TASK DESCRIPTION.
In the material below, find the line with "AK Seekirchen am" and the line with "Image of Euglandina", then output both and every line between them exactly, omitting pictures.

MATERIAL PROVIDED.

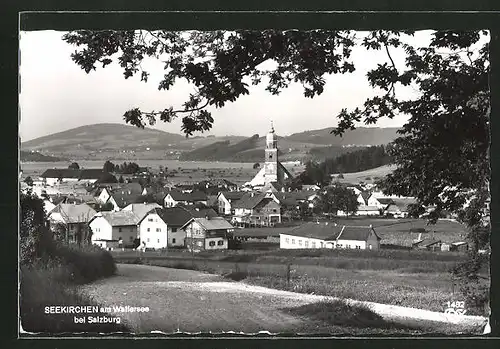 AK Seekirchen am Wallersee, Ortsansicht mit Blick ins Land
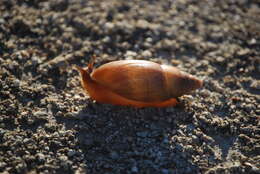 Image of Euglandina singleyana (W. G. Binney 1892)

==

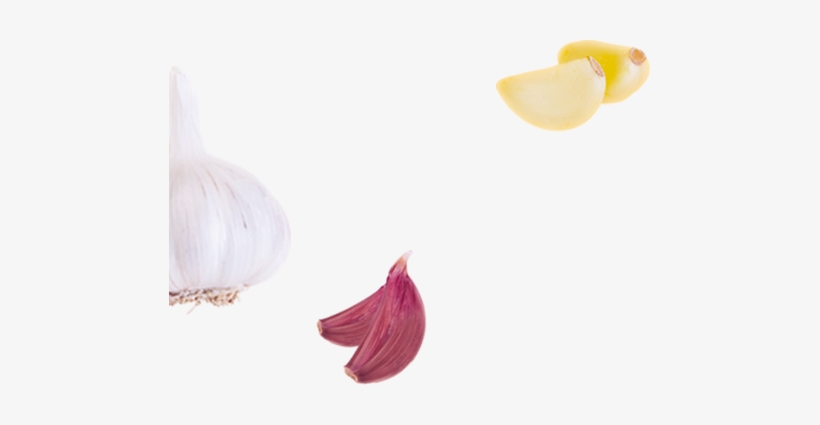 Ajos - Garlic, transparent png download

...

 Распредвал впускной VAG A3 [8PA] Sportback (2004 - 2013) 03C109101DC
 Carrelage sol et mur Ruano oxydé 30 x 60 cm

ANSWER FOR THIS EXERCISE.
 AK Seekirchen am Wallersee, Ortsansicht mit Blick ins Land
 Image of Euglandina singleyana (W. G. Binney 1892)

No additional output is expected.